Extracting repeating signals from video using the Fast Fourier Transform (FFT)

An audio signal is typically visualized as a bar chart or wave. The bar chart or wave is high when the sound is loud and low when it is soft. We recognize that a repetitive sound, such as a metronome's beat, makes repetitive peaks and valleys in the visualization. When audio has multiple channels (being a stereo or surround sound recording), each channel can be considered as a separate signal and can be visualized as a separate bar chart or wave.

Consider the following pair of graphs. They express the same signal, first as a function of time and then as a function of frequency. Within the time domain, we see one wide peak and valley (in other words, a tapering effect) spanning many narrow peaks and valleys. Within the frequency domain, we see a low-frequency peak and a high-frequency peak.

Extracting repeating signals from video using the Fast Fourier Transform (FFT)

The transformation from the time domain to the frequency domain is called the Fourier transform. Conversely, the transformation from the frequency domain to the time domain is called the inverse Fourier transform. Within the digital world, signals are discrete, not continuous, and we use the terms discrete Fourier transform (DFT) and inverse discrete Fourier transform (IDFT). There is a variety of efficient algorithms to compute the DFT or IDFT and such an algorithm might be described as a Fast Fourier Transform or an Inverse Fast Fourier Transform.

Note

For algorithmic descriptions, refer to the following Wikipedia article: http://en.wikipedia.org/wiki/Fast_Fourier_transform.

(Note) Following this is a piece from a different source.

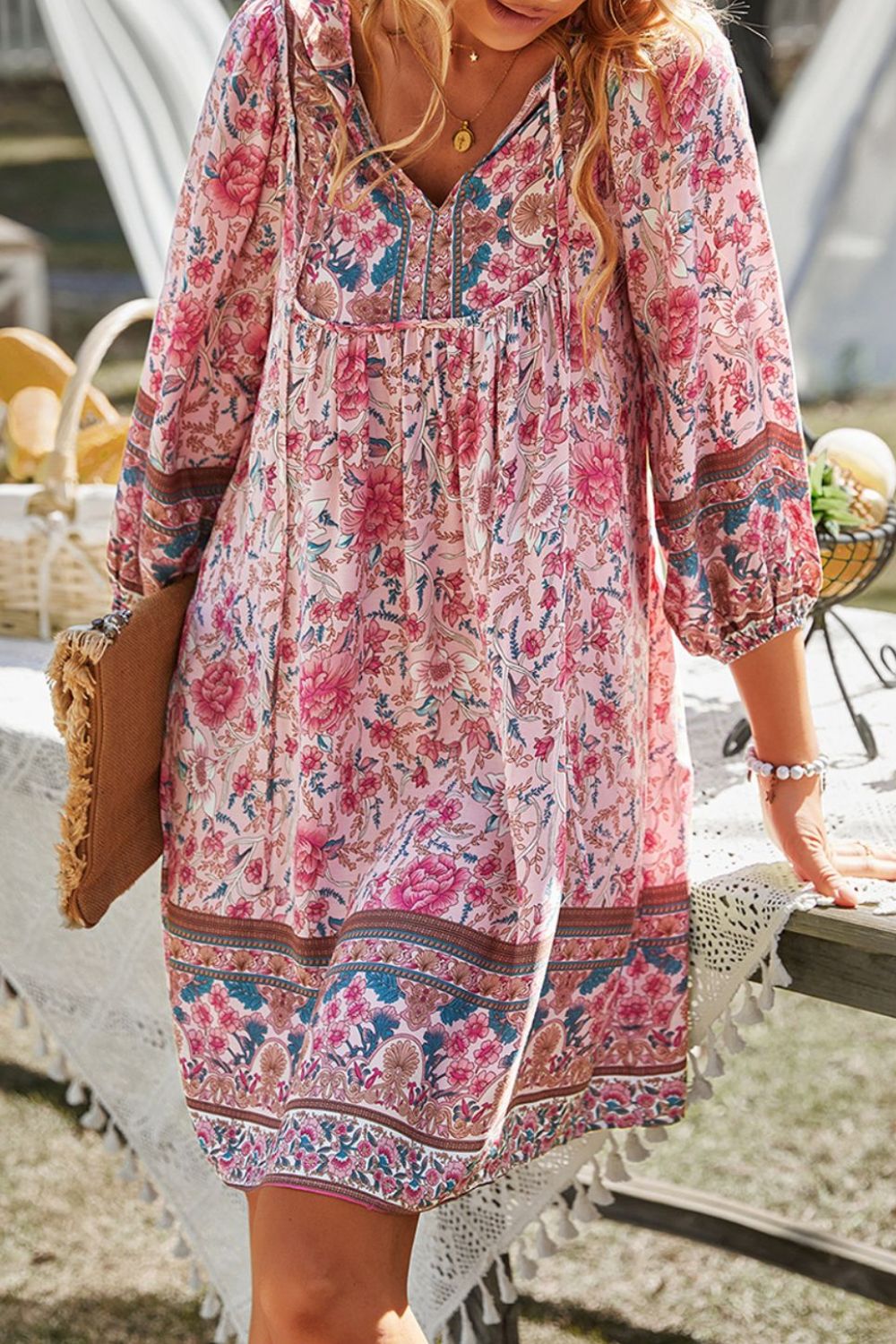 LP | Devine Mini abito stampato con scollo a cravatta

The result of the Fourier transform (including its discrete variants) is a function that maps a frequency to an amplitude and phase. The amplitude represents the magnitude of the frequency's contribution to the signal. The phase represents a temporal shift; it determines whether the frequency's contribution starts on a high or a low. Typically, amplitude and phase are encoded in a complex number, a+bi, where amplitude=sqrt(a^2+b^2) and phase=atan2(a,b).

Note

For an explanation of complex numbers, refer to the following Wikipedia article: http://en.wikipedia.org/wiki/Complex_number.

The FFT and IFFT are fundamental to a field of computer science called digital signal processing. Many signal processing applications, including Lazy Eyes, involve taking the signal's FFT, modifying or removing certain frequencies in the FFT result, and then reconstructing the filtered signal in the time domain using the IFFT. For example, this approach enables us to amplify certain frequencies while leaving others unchanged.

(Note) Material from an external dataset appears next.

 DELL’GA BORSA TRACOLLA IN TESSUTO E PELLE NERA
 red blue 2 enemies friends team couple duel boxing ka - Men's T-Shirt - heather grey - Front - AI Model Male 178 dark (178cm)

Now, where do we find this functionality?

Choosing and setting up an FFT library

Several Python libraries provide FFT and IFFT implementations that can process NumPy arrays (and thus OpenCV images). Here are the five major contenders:

NumPy: This provides FFT and IFFT implementations in a module called numpy.fft (for more information, refer to http://docs.scipy.org/doc/numpy/reference/routines.fft.html). The module also offers other signal processing functions to work with the output of the FFT.
SciPy: This provides FFT and IFFT implementations in a module called scipy.fftpack (for more information refer to http://docs.scipy.org/doc/scipy/reference/fftpack.html). This SciPy module is closely based on the numpy.fft module, but adds some optional arguments and dynamic optimizations based on the input format. The SciPy module also adds more signal processing functions to work with the output of the FFT.
OpenCV: This has implementations of FFT (cv2.dft) and IFT (cv2.idft). An official tutorial provides examples and a comparison to NumPy's FFT implementation at http://docs.opencv.org/doc/tutorials/core/discrete_fourier_transform/discrete_fourier_transform.html. OpenCV's FFT and IFT interfaces are not directly interoperable with the numpy.fft and scipy.fftpack modules that offer a broader range of signal processing functionality. (The data is formatted very differently.)
PyFFTW: This is a Python wrapper (https://hgomersall.github.io/pyFFTW/) around a C library called the Fastest Fourier Transform in the West (FFTW) (for more information, refer to http://www.fftw.org/). FFTW provides multiple implementations of FFT and IFFT. At runtime, it dynamically selects implementations that are well optimized for given input formats, output formats, and system capabilities. Optionally, it takes advantage of multithreading (and its threads might run on multiple CPU cores, as the implementation releases Python's Global Interpreter Lock or GIL). PyFFTW provides optional interfaces matching NumPy's and SciPy's FFT and IFFT functions. These interfaces have a low overhead cost (thanks to good caching options that are provided by PyFFTW) and they help to ensure that PyFFTW is interoperable with a broader range of signal processing functionality as implemented in numpy.fft and scipy.fftpack.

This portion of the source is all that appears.